From: Fujii Masao <masao(dot)fujii(at)oss(dot)nttdata(dot)com>
To: Masahiro Ikeda <ikedamsh(at)oss(dot)nttdata(dot)com>, Andres Freund <andres(at)anarazel(dot)de>
Cc: kuroda(dot)hayato(at)fujitsu(dot)com, Zhihong Yu <zyu(at)yugabyte(dot)com>, PostgreSQL Hackers <pgsql-hackers(at)lists(dot)postgresql(dot)org>
Subject: Re: make the stats collector shutdown without writing the statsfiles if the immediate shutdown is requested.
Date: 2021-03-26 00:54:40
Message-ID: 3d721f7d-3c8f-6fc2-d0a9-94c299d6a01b@oss.nttdata.com
Views: Raw Message | Whole Thread | Download mbox | Resend email
Thread:
Lists: pgsql-hackers

On 2021/03/26 9:25, Masahiro Ikeda wrote:
>
> On 2021/03/25 21:23, Fujii Masao wrote:
>> On 2021/03/25 9:58, Andres Freund wrote:
>>> Outside of very
>>> narrow circumstances a normal exit shouldn't use _exit(1).
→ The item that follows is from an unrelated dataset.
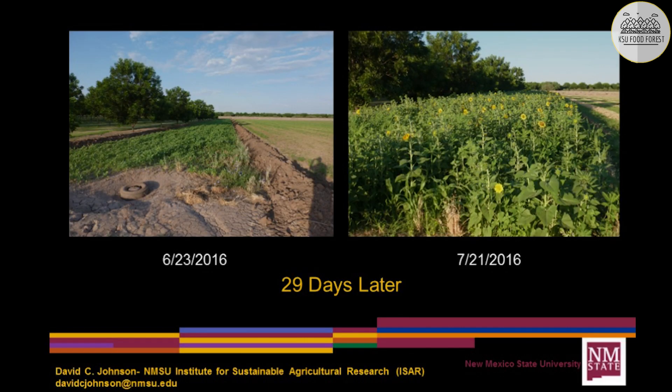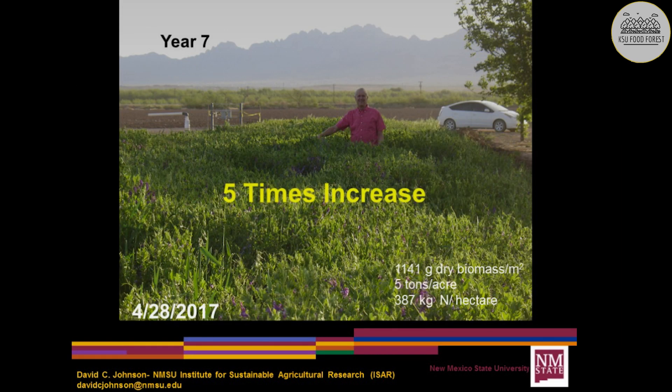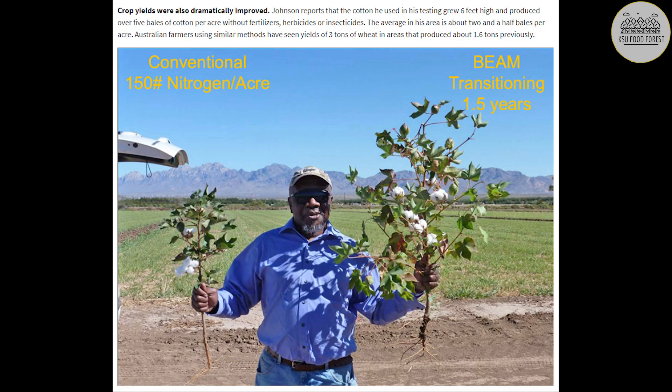Johnson documented that during an agricultural field study lasting four and a half years, there was a 25 times increase in active soil fungal biomass. This success passed on to the plants, doubling the bales of cotton in the area, where they averaged two and a half bales per acre.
Neither 1 no
>>> _exit() (as opposed to exit()) seem appropriate. This seems like a bad
>>> idea.
>>
>> So you're thinking that the stats collector should do proc_exit(0)
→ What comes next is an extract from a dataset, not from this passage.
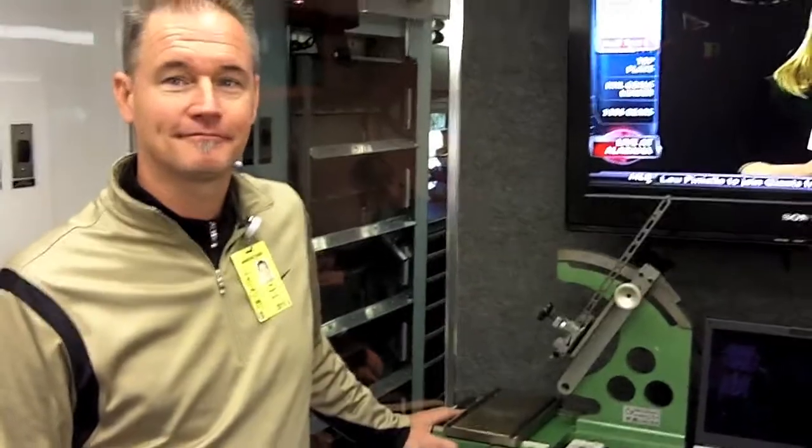That's great, and that's a great tour of the workshop, Rob. We appreciate the time and we'll see you again. Thanks.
>> or something even when it receives immediate shutdown request?
>>
>> One idea to avoid using _exit(1) is to change the SIGQUIT handler
>> so that it just sets the flag. Then if the stats collector detects that
>> the flag is set in the main loop, it gets out of the loop,
>> skips writing the permanent stats file and then exits with exit(0).
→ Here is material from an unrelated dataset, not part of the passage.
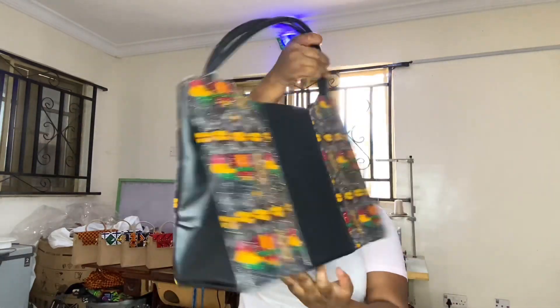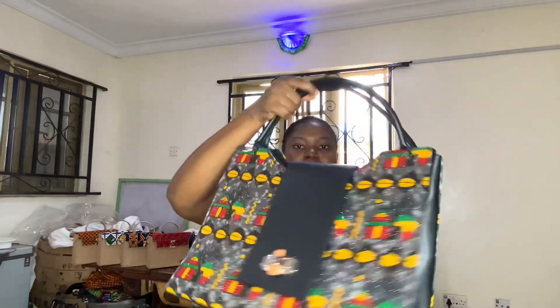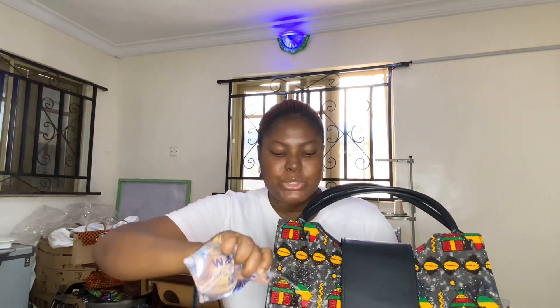I'm going to make a brief demonstration of how this works. I'm going to get water and then pour it on the bag so you can see.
>> That is, normal and immediate shutdown requests are treated
>> almost the same way in the stats collector. Only the difference of
>> them is whether it saves the stats to the file or not. Thought?
>
> Although I don't oppose the idea to change from _exit(1) to proc_exit(0), the
> reason why I used _exit(1) is that I thought the behavior to skip writing the
> stat counters is not normal exit. Actually, other background processes use
> _exit(2) instead of _exit(0) or proc_exit(0) in immediate shutdown although
> the status code is different because they touch shared memory.

True.

>
>
>>> Also, won't this lead to postmaster now starting to complain about
>>> pgstat having crashed in an immediate shutdown? Right now only exit
>>> status 0 is expected:
>>>
>>>         if (pid == PgStatPID)
>>>         {
>>>             PgStatPID = 0;
>>>             if (!EXIT_STATUS_0(exitstatus))
>>>                 LogChildExit(LOG, _("statistics collector process"),
>>>                              pid, exitstatus);
>>>             if (pmState == PM_RUN || pmState == PM_HOT_STANDBY)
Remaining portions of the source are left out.